Each read gave a different perspective, true but partial. Initially my focus was on the crime & the solution. Who killed the woman going under the name of Lexie Madison & why? We know that the name is false, because the narrator of the book is the Dublin police detective for whom this identity was created so she could work undercover as a student @ Trinity College Dublin to discover narcotics traffickers, an operation long since suspended. And that detective, Cassie Maddox, is an absolute dead-ringer for the murder victim who assumed her old identity. The current Lexie was enrolled as a graduate student in English @ TCD & shared Whitethorn House, a dilapidated country mansion dating from the period of the Ascendancy – I’ve never had a chance to use that term before – with four other grad students – Daniel, Abby, Rafe, & Justin – who are busily engaged in restoring the old place. Frank, the head of the police undercover squad, has the seemingly hare-brained scheme of pretending the victim is still alive & having Cassie impersonate her & take her place @ Whitethorn House; For some reviewers, these coincidences were totally unbelievable. Personally I’d no problems. As in Sophocles & Shakespeare, things happen that are extremely improbable in real life, but Tana French does an excellent job of slipping them by with just enough detail (like how an acquaintance of Cassie when undercover inadvertently put the impersonator onto the existence of Lexie’s persona) that we accept them. And we can see Tana French’s own experience as an actress in Cassie’s description of how she practised for the role of Lexie. As the story proceeds we are kept wondering whether Cassie the detective will avoid detection by the housemates, & who will turn out to be the villain who killed Lexie & why. I felt the solution a bit squalid but believable & Cassie immensely attractive & appealing.
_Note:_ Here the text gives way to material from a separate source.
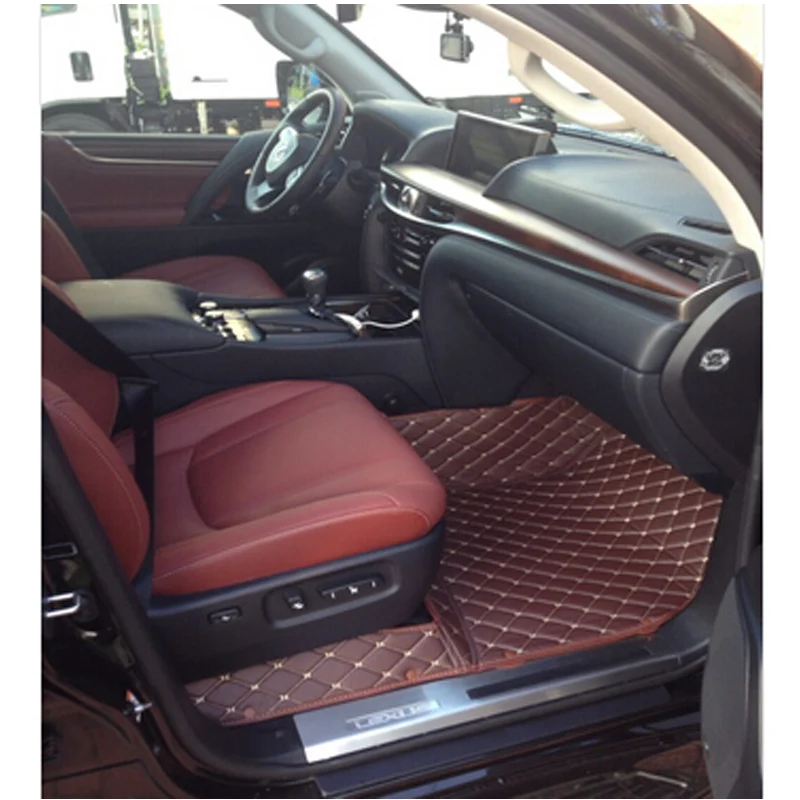 Кожаный салон автомобиля коврики для lexus lx570 lx 570 2008- 2012 2013 ковер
About half a year later, whilst homebound with a health problem, I listened to The Likeness on CD. When a book merits a second reading, I concentrate on the characters & their relationships. Immediately after finishing The Likeness I”d read The Secret History & it was obvious that Tartt’s book was a major influence. Both feature a small group of university students who enjoy such a close & intense friendship that they operate virtually as one. Having once belonged to a similar group of friends, I totally understood how it would feel to be one of them. Daniel, in The Likeness, plays a parallel role to Henry in The Secret History. And both stories are narrated by an outsider who becomes accepted as a member of the group. But in The Likeness that outsider is a cop. In both stories the friends have a very high maintenance relationship, but they look after & respect each other with the care of racing car mechanics – co-ordinated as perfectly as an a cappella Glee flashmob, thinking each others thoughts, completing each others sentences, & living in each others pockets. Cassie, who was left in quite fragile condition @ the end of In the Woods & is now in a very tentative relationship with Sam, another detective who is supervising the investigation, finds herself fitting almost seamlessly into the persona of Lexie, & is taken as being her by the housemates. For the first time in her life Cassie feels completely accepted & loved. The most poignant moment occurs when Abby finds a still wearable party dress from the ‘30s. Cassie dons it & dances with Justin whilst Abby sings Andrews Sisters tunes from the period accompanied by Rafe on the piano. Cassie enjoys a condition of complete belonging. The two other times when she most closely identifies as a member of their community are in the melee punch-up when they pursue Naylor, the local village low-life who throws a brick through their window, & that wild drunken party when she finds herself kissing Daniel. That was a moment where Tana French sacrificed consistency of character for the sake of plot. (view spoiler) And Daniel behaves out of character as well afterwards, @ what Aristotle would have called the anagnoresis. (view spoiler)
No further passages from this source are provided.